:: Data section ::
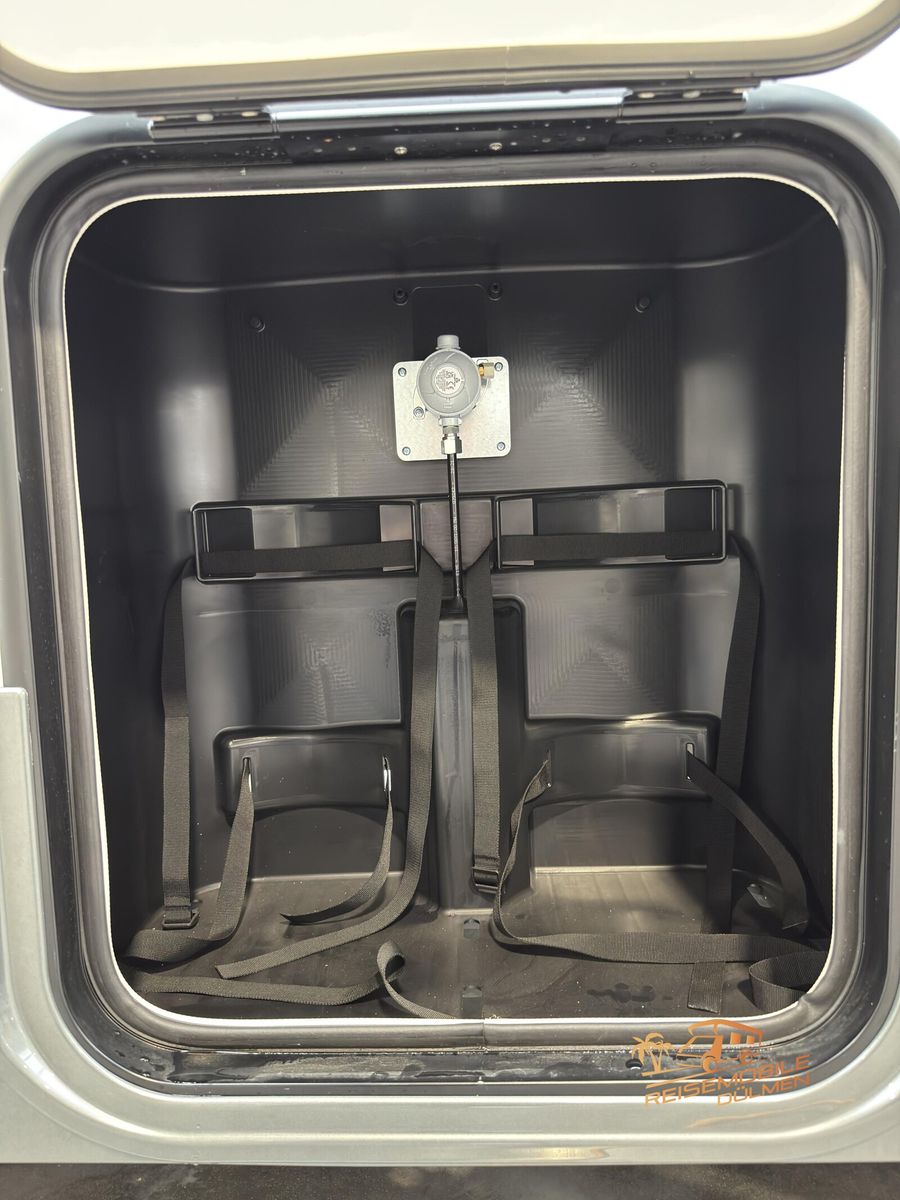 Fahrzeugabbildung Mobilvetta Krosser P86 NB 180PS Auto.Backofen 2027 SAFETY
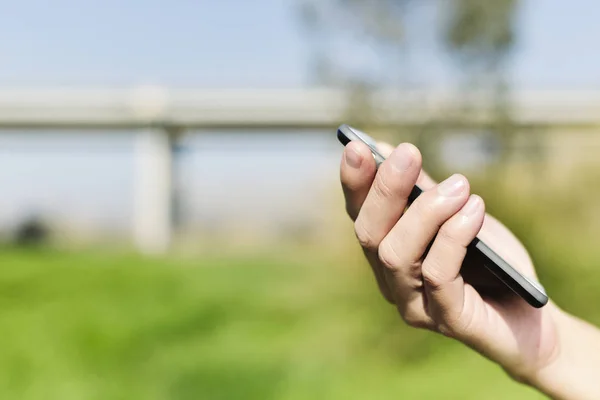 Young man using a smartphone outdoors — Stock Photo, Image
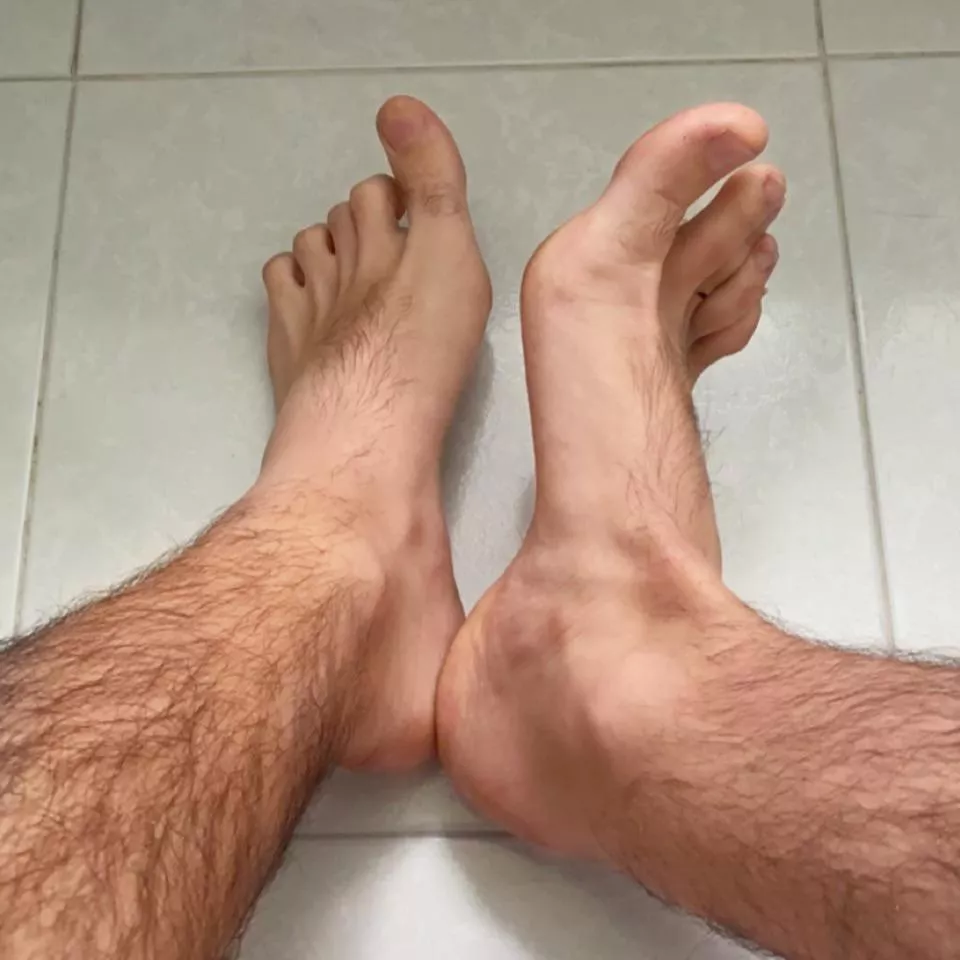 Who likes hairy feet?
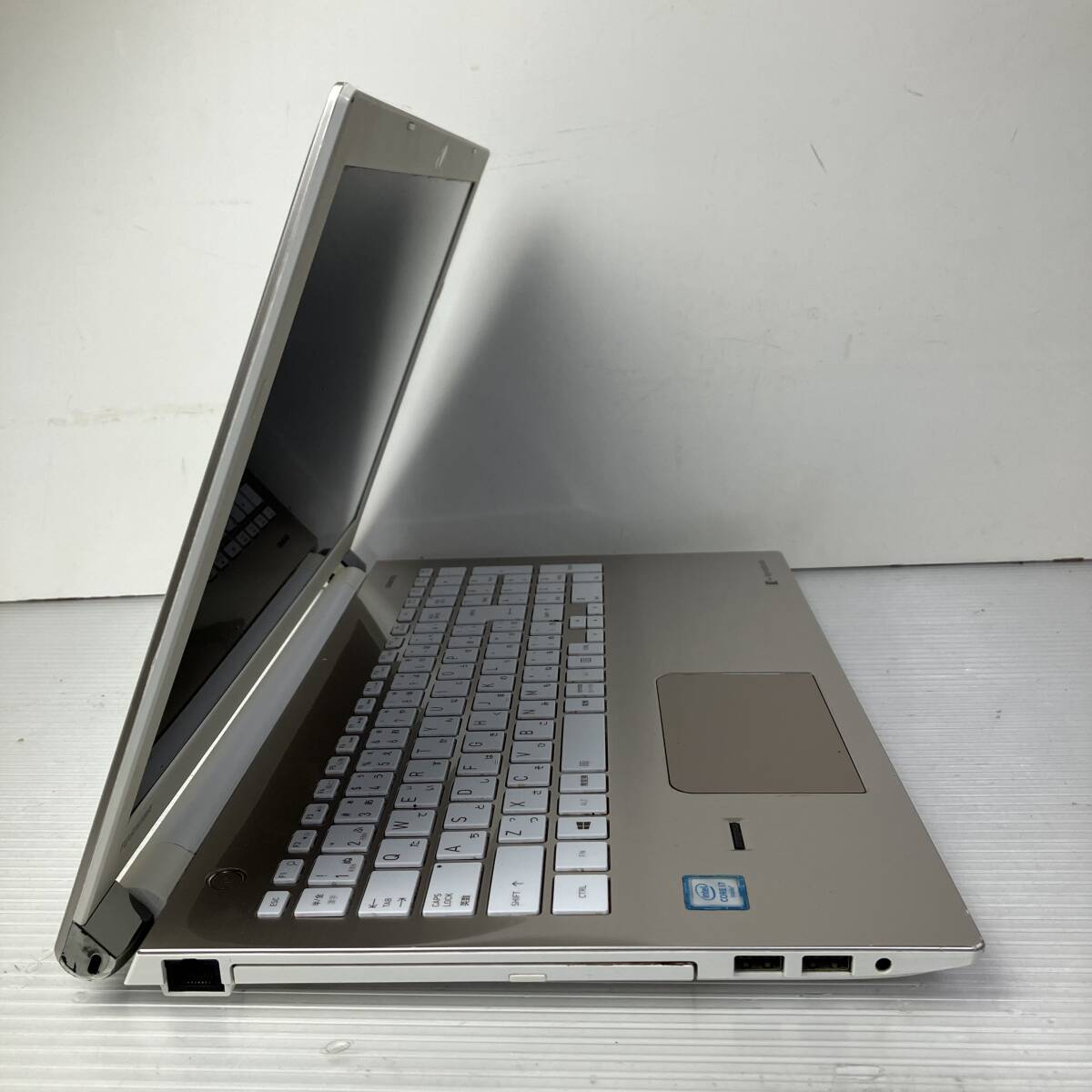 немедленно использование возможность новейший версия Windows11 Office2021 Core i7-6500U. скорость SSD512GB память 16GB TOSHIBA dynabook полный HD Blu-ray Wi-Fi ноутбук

:: Exercise requirements ::
Nothing but the lines from the one that contains "Who likes hairy feet?" through the last line of the material should be written out, exactly. Omit pictures.

:: Solved exercise ::
 Who likes hairy feet?
 немедленно использование возможность новейший версия Windows11 Office2021 Core i7-6500U. скорость SSD512GB память 16GB TOSHIBA dynabook полный HD Blu-ray Wi-Fi ноутбук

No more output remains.